Bonus tips to help with getting more micronutrients in:
- Fill up half your plate with vegetables
- Eat your vegetables first, then the reminder of food types
- When at an event or out to eat, order a small salad to start first, eat the entire salad first, then proceed to the rest
- Start with getting your carbohydrate intake in from fruits and vegetables (apples, potatoes), then slowing adding in more complex carbs (rice, breads, etc)
- Add your favorites spices and seasonings
- Cook multiple vegetables on one baking sheet as a helpful time saver in meal prepping
2. Pre- and probiotic foods:
- Probiotic – Naturally contain bacteria to help populate gut microbiome (fermented foods). Examples include plain yogurt, kefir, sauerkraut, kimchi.
- Prebiotic – Have a fiber that feeds the beneficial bacteria. Examples include asparagus, apples, garlic, oatmeal, legumes.
3. Keep ultra-processed foods at a minimum: When you start incorporating this tip please remember to not think of certain food types as “good” or “bad”. Ultra-processed foods don’t typically aid in promoting a healthy gut, so simply be mindful to keep consumption of this food type to less than most, if able.
4. Reduce excessive alcohol consumption: Although moderation of red wine can improve gut health, excessiveness in alcohol may be more harmful than good. Ya’ll don’t need to be turning ALL the way up, ALL of the time!
5. Consume ~25-35g of fiber daily: The required amount will be dependent on the person. The things that influence your required amount are your sex, total daily calorie intake, GI tolerance, and digestion frequency. There may be some trial in error in finding the sweet spot for you, but typically if you go too low or too high with this nutrient, you may experience the same physical symptoms of discomfort (bloating, gas, diaherra, constipation, etc).
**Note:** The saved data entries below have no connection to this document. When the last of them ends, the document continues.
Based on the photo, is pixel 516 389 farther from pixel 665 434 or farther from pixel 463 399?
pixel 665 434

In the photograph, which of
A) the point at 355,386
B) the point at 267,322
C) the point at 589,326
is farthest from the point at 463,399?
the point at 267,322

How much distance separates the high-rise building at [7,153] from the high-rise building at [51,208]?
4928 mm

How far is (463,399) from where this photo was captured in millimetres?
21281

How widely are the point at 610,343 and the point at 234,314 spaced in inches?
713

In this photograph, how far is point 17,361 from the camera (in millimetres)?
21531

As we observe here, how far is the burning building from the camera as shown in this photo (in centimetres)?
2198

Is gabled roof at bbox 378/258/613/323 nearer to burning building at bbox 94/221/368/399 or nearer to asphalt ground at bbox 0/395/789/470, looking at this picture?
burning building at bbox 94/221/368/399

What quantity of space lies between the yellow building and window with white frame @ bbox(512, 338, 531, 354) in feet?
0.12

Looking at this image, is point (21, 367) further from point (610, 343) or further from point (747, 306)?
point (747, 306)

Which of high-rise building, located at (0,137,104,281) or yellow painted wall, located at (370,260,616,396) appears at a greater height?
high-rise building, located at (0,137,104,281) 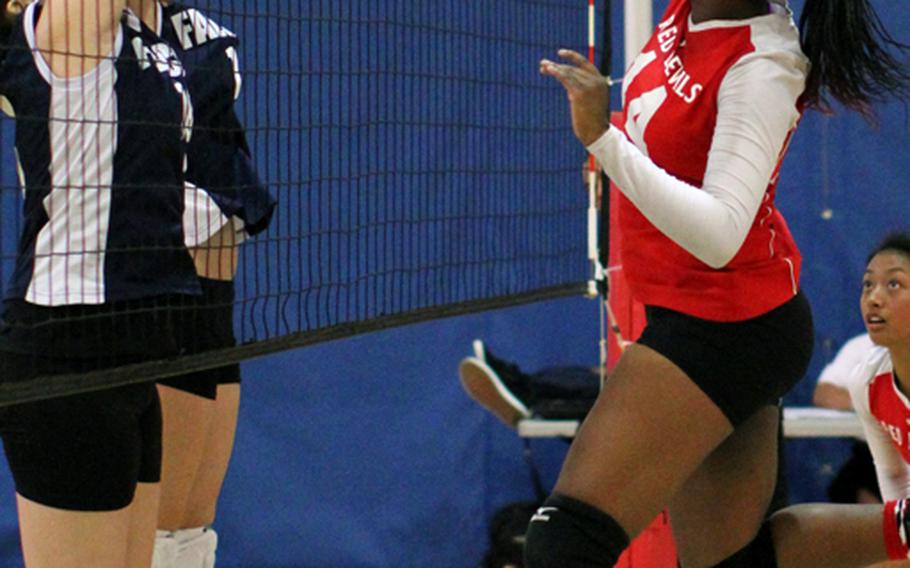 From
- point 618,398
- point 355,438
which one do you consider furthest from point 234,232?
point 355,438

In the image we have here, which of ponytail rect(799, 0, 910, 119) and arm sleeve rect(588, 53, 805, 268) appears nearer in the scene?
arm sleeve rect(588, 53, 805, 268)

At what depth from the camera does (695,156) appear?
2.52 meters

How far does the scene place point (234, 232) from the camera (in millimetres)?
3154

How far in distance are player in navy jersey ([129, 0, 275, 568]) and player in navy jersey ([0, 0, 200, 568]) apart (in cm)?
36

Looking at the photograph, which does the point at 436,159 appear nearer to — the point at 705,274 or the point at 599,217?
the point at 599,217

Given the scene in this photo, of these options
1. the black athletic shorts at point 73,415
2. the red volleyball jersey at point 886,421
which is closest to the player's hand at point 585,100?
the black athletic shorts at point 73,415

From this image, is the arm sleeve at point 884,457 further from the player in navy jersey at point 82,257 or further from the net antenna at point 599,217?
the player in navy jersey at point 82,257

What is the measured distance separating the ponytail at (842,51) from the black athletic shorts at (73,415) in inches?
48.0

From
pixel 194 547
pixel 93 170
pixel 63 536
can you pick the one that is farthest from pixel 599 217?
pixel 63 536

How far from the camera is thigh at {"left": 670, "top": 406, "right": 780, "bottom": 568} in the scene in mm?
2686

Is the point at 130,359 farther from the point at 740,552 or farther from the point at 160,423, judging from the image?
the point at 740,552

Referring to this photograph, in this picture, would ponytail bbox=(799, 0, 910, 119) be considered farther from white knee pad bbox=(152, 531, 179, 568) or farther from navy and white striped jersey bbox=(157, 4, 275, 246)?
white knee pad bbox=(152, 531, 179, 568)

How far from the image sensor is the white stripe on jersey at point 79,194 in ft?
7.92

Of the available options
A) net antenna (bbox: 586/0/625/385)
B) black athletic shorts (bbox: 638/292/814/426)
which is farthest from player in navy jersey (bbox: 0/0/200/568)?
net antenna (bbox: 586/0/625/385)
To learn more about the basics of fiber, here’s Precision Nutrition’s Encyclopedia of Food – Fiber Guide.
But why does a healthy gut matter for performance?
- Boosts your metabolism – your ability to turn food into fuel and optimize your training efforts
- Energy availability during exercise increases – having more fuel in your tank to get you to go and reach new intensities
- Aids in recovery – the ability to restore and repair so you can come back the next day and do just as good, if not better
Since being at Training Think Tank and working personally with CrossFit Games athlete Alexis Raptis, one of the first priorities we targeted was finding her sweet spot of fiber intake. She was experiencing some stomach issues around training sessions.
For athletes, it can be challenging to keep foods as healthy as possible without going over on fiber goals. However, the last thing we want for an athlete is to be having any type of GI distress at all, let alone during or around training or competition times. Through some experimenting and a little “food Tetris” in MyFitnessPal, Raptis was able to find that sweet spot for her fiber intake, reducing those stomach issues all together.
Your gut health doesn’t have to be perfect, but let’s try to make it better.